• [Dataset items]:
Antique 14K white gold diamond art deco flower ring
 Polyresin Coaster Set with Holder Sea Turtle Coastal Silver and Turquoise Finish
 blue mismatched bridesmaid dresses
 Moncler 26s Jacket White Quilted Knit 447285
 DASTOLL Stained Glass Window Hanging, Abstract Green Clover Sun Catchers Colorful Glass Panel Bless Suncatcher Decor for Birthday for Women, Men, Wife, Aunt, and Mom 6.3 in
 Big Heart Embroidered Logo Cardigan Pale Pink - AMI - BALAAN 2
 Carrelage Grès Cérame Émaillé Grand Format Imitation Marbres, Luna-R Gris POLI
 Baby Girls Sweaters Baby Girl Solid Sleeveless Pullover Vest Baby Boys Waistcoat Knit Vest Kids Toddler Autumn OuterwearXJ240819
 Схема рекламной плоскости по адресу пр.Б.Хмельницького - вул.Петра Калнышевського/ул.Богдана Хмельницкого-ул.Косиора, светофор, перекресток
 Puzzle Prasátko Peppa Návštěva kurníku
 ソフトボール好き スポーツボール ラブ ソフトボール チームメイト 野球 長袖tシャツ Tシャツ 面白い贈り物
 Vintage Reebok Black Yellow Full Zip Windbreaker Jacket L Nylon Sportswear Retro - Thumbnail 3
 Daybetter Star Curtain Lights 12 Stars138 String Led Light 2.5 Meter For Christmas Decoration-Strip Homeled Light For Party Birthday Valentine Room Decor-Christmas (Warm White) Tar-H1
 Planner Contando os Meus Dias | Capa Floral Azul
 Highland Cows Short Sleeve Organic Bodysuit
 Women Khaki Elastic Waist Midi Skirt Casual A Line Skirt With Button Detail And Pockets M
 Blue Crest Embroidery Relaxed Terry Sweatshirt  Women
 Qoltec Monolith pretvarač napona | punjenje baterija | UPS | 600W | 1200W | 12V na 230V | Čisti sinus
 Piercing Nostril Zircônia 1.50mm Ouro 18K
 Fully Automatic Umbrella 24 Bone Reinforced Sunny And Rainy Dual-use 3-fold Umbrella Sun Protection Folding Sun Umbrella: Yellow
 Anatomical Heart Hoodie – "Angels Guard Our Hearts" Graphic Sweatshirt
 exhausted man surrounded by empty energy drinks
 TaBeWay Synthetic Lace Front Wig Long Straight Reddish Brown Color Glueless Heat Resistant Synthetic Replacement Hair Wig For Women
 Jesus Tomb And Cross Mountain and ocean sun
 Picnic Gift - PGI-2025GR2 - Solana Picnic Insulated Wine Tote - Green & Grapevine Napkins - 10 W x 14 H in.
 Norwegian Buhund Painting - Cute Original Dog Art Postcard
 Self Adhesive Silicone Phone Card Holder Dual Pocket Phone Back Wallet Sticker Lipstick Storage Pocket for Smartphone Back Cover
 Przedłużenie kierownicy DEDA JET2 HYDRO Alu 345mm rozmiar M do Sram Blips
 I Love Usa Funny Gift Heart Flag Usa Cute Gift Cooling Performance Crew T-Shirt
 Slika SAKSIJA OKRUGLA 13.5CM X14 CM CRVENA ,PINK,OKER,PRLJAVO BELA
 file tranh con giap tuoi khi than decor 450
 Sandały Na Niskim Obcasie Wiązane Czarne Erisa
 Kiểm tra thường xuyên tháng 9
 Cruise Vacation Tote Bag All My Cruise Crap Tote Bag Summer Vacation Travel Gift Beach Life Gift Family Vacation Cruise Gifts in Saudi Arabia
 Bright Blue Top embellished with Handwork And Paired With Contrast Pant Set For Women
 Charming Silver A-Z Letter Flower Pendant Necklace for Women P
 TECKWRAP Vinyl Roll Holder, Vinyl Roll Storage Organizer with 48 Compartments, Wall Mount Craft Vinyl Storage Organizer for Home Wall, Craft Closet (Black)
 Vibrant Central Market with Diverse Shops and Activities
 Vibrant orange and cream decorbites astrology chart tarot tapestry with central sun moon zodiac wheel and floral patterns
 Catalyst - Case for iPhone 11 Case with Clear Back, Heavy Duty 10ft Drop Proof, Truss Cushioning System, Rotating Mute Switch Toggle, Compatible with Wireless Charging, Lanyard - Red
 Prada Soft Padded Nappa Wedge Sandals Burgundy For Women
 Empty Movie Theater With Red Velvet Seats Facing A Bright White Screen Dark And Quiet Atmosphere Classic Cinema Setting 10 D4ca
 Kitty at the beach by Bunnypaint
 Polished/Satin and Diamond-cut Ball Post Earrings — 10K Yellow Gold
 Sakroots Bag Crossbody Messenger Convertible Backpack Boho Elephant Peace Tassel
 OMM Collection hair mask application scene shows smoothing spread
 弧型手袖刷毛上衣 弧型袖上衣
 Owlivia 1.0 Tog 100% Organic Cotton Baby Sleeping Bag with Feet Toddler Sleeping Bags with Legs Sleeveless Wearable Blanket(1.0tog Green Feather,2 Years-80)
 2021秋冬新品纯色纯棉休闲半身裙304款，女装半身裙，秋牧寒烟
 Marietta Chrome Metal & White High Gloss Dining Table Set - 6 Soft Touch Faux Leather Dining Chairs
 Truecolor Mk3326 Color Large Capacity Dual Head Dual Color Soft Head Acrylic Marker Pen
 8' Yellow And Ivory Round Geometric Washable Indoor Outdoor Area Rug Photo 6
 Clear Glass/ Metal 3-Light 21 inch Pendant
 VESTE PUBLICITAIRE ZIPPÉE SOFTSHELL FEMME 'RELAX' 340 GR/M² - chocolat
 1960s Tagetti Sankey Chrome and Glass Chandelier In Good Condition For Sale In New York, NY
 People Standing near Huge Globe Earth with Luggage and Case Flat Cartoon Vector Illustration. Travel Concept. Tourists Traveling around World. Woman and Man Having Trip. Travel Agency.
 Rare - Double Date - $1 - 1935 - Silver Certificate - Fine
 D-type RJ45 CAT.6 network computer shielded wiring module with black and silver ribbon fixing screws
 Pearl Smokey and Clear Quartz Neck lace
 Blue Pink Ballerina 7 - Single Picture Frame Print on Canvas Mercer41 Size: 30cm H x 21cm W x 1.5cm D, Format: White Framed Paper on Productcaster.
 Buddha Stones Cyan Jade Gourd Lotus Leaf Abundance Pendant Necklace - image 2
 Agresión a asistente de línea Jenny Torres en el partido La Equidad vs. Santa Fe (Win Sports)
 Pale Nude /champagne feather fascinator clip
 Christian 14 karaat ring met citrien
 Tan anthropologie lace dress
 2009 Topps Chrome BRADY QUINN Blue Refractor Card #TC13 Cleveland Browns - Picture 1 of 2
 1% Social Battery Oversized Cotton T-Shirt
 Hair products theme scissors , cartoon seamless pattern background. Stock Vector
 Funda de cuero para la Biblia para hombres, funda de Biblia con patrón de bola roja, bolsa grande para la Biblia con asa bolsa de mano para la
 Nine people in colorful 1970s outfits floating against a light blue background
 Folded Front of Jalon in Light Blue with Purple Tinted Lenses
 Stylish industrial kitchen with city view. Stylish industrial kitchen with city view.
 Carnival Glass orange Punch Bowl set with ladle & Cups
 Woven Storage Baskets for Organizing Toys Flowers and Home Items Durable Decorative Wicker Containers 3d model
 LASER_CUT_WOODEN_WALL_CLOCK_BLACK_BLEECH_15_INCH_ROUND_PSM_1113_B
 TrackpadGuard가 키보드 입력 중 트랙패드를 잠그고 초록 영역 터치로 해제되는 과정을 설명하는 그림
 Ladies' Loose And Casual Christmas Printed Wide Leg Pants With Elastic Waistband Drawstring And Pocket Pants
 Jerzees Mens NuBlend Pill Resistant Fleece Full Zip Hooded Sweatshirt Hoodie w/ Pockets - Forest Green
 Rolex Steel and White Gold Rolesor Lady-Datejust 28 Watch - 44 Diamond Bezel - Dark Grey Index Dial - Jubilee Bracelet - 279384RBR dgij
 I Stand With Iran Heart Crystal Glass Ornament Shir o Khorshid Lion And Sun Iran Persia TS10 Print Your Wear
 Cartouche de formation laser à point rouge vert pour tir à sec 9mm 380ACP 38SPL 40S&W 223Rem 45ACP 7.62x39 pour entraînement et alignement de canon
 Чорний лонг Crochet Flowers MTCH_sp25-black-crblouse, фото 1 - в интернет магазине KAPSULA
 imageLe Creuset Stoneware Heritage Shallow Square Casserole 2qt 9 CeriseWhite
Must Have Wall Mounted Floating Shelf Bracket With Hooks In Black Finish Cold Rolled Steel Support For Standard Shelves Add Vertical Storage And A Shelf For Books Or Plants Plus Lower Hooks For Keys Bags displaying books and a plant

• [TASK INSTRUCTIONS]: In your answer, include only the lines above starting at the line that holds "Christian 14 karaat ring met citrien" and ending at the line that holds "Nine people in", copied exactly.

• [ANSWER BOX]:
 Christian 14 karaat ring met citrien
 Tan anthropologie lace dress
 2009 Topps Chrome BRADY QUINN Blue Refractor Card #TC13 Cleveland Browns - Picture 1 of 2
 1% Social Battery Oversized Cotton T-Shirt
 Hair products theme scissors , cartoon seamless pattern background. Stock Vector
 Funda de cuero para la Biblia para hombres, funda de Biblia con patrón de bola roja, bolsa grande para la Biblia con asa bolsa de mano para la
 Nine people in colorful 1970s outfits floating against a light blue background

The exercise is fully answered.